= To do =
Once you reach the line with "2013 Jeep COMPASS photo" in the material below, copy each line exactly up to and including the line with "Emil und Shanga", and skip the pictures.

= Data extract =

^^^^^^^^

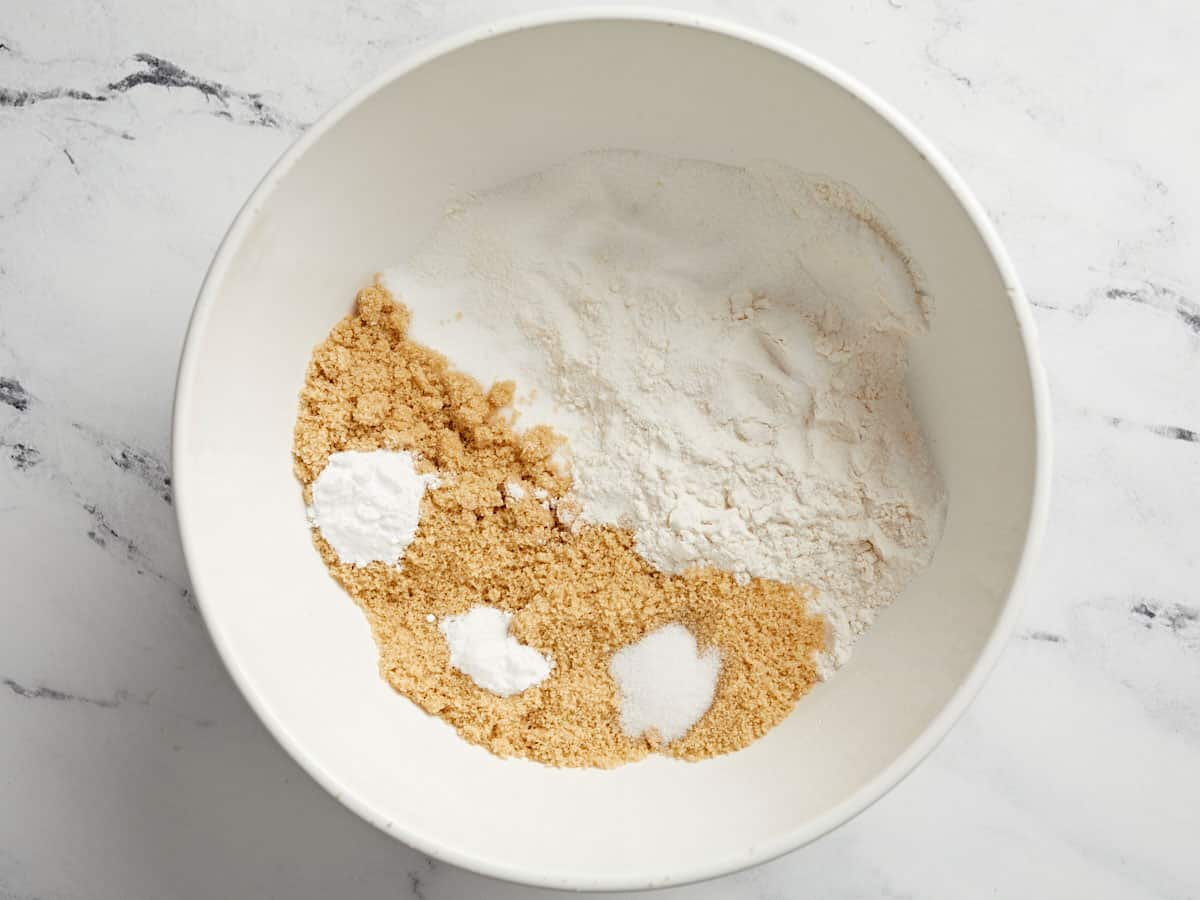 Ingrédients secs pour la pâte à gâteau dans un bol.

^^^^^^^^

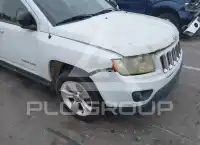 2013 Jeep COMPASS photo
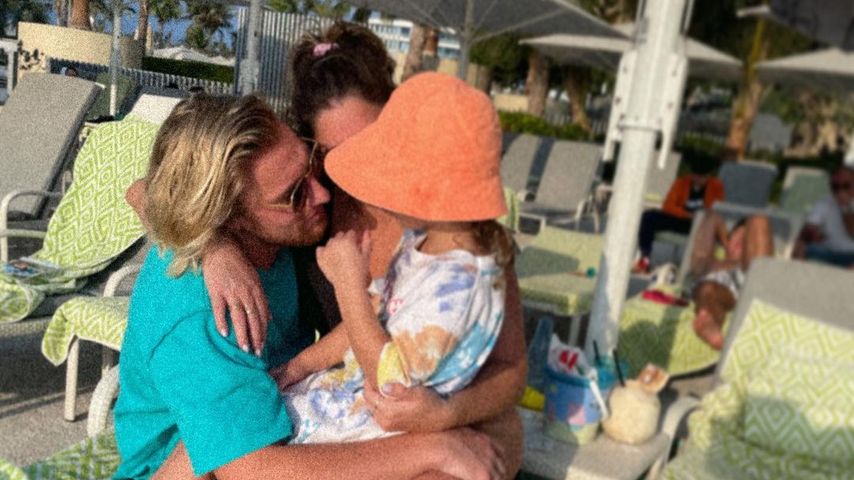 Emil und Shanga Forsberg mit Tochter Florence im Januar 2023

^^^^^^^^

= Answer to this exercise =
 2013 Jeep COMPASS photo
 Emil und Shanga Forsberg mit Tochter Florence im Januar 2023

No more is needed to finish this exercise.